It works because Windows creates a profile of every Wi-Fi network to which you connect. If you tell Windows to forget the network, it also forgets the password. In that case, this won’t work. But few people ever explicitly do that.
It requires that you go into a Windows Command Prompt with administrative privileges. Click the Star Menu, type “cmd” (no quotes), and the menu will show a Command Prompt; right-click that entry and select Run as administrator. That’ll open the black box full of text with the prompt inside—it’s the line with a right-facing arrow at the end, probably something like C:WINDOWSsystem32>. A blinking cursor will indicate where you type. Start with this:
netsh wlan show profile
The results will bring up a section called User Profiles—those are all the Wi-Fi networks (aka WLANs, or wireless local area networks) you’ve accessed and saved. Pick the one you want to get the password for, highlight it, and copy it. At the prompt below, type the following, but replace the Xs with the network name you copied; you only need the quotation marks if the network name has spaces in it, like “Cup o Jo Cafe.”

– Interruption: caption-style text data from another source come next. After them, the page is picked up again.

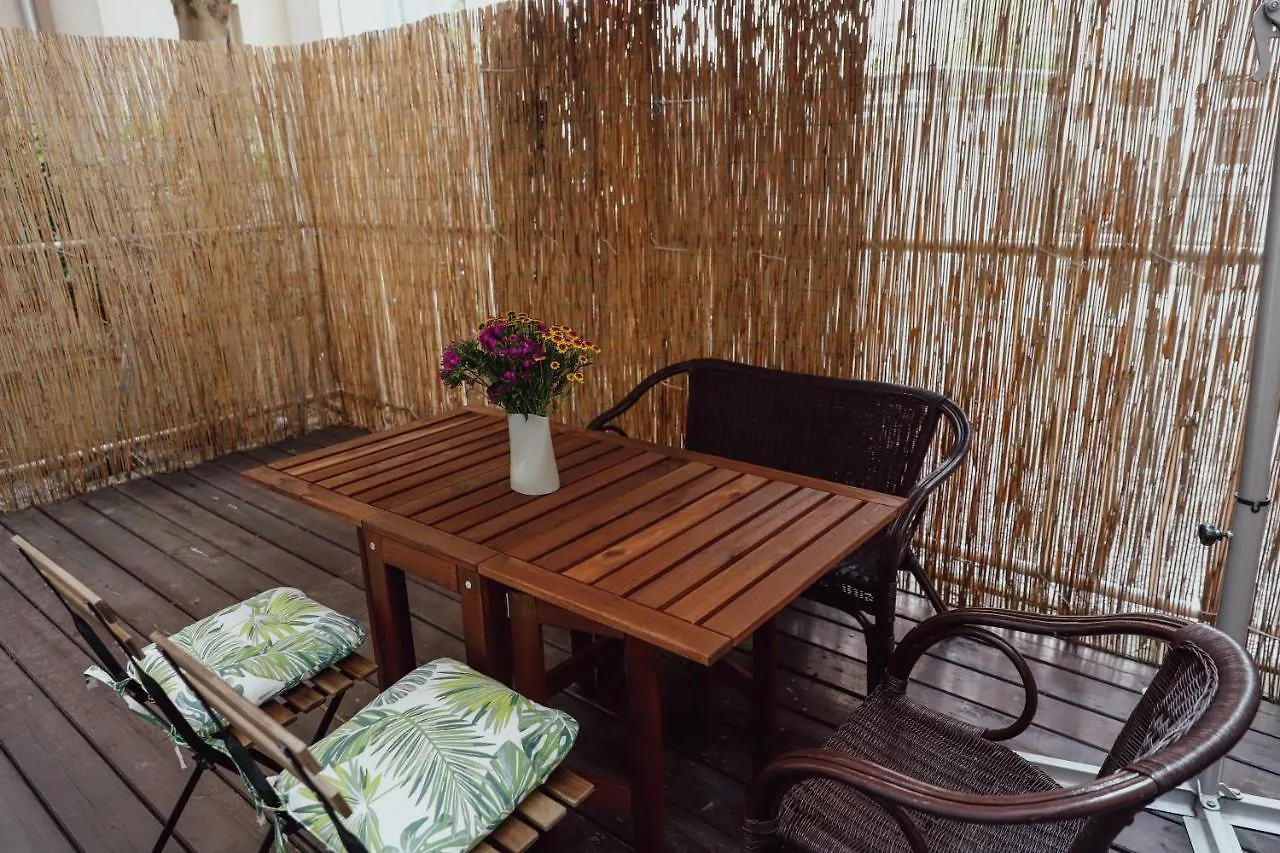 Ruhiges Terrassen Apartment Vienna Austria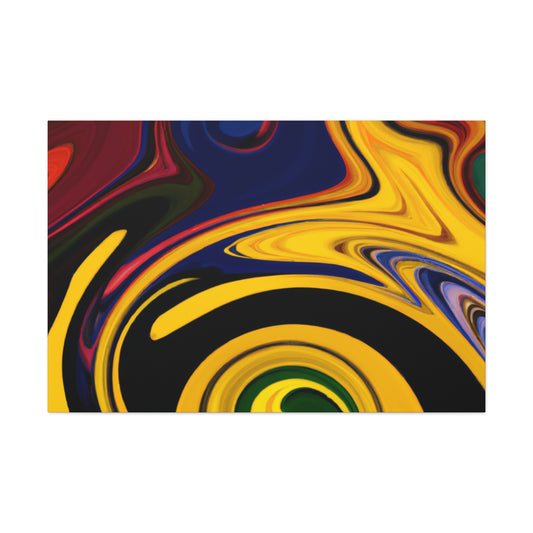 Vincent van Gogh - canvas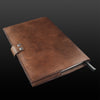 Leather A5 Notebook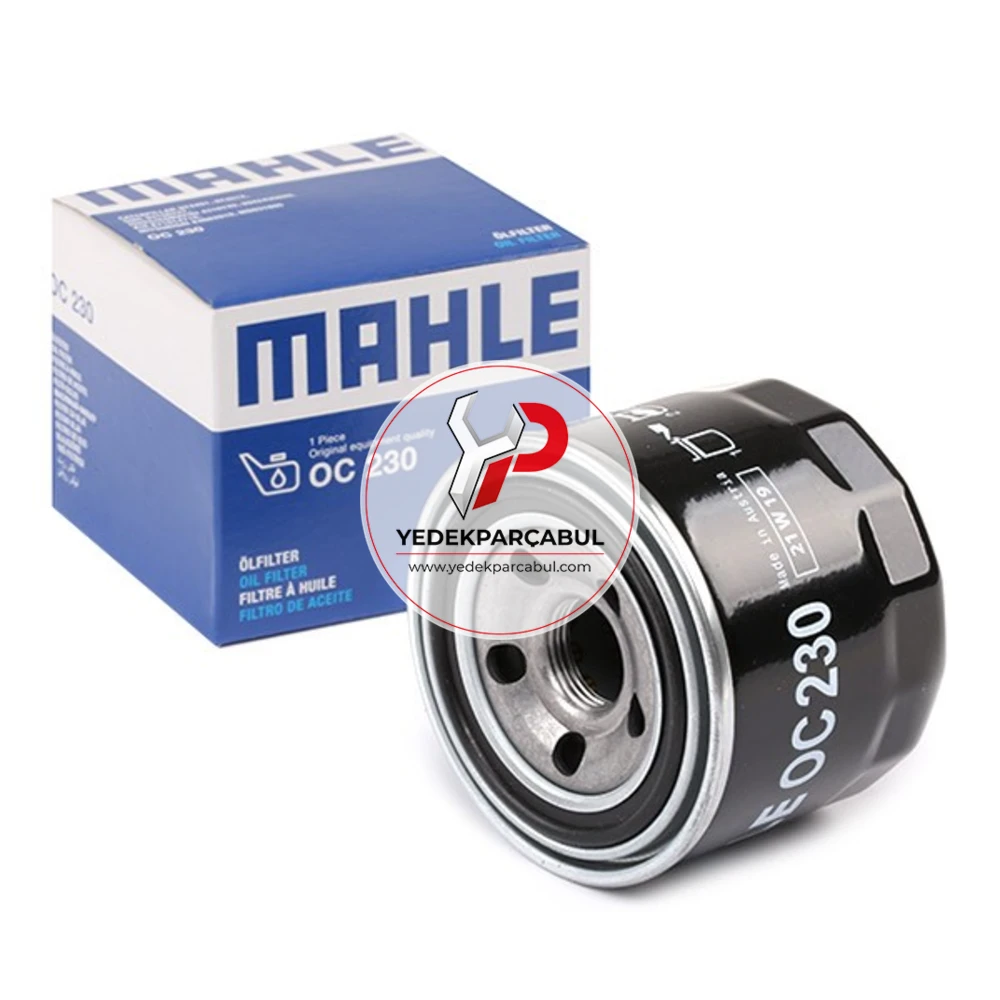 Mahle Yağ Filtresi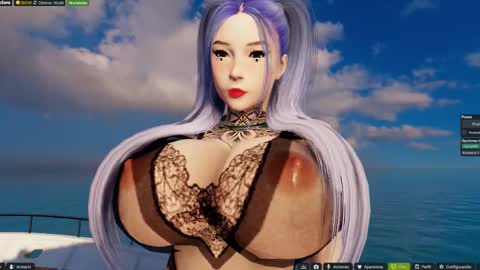 Naugthy Sara online show from November 6, 3:26 pm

netsh wlan show profile name=”XXXXXXXX” key=clear
In the new data that comes up, look under Security Settings for the line Key Content. The word displayed is the Wi-Fi password or key you are missing. (If you don’t like the command line, there’s third-party password recovering software like Cain & Abel(Opens in a new window) or WirelessKeyView (Opens in a new window)that can help you do the same thing.)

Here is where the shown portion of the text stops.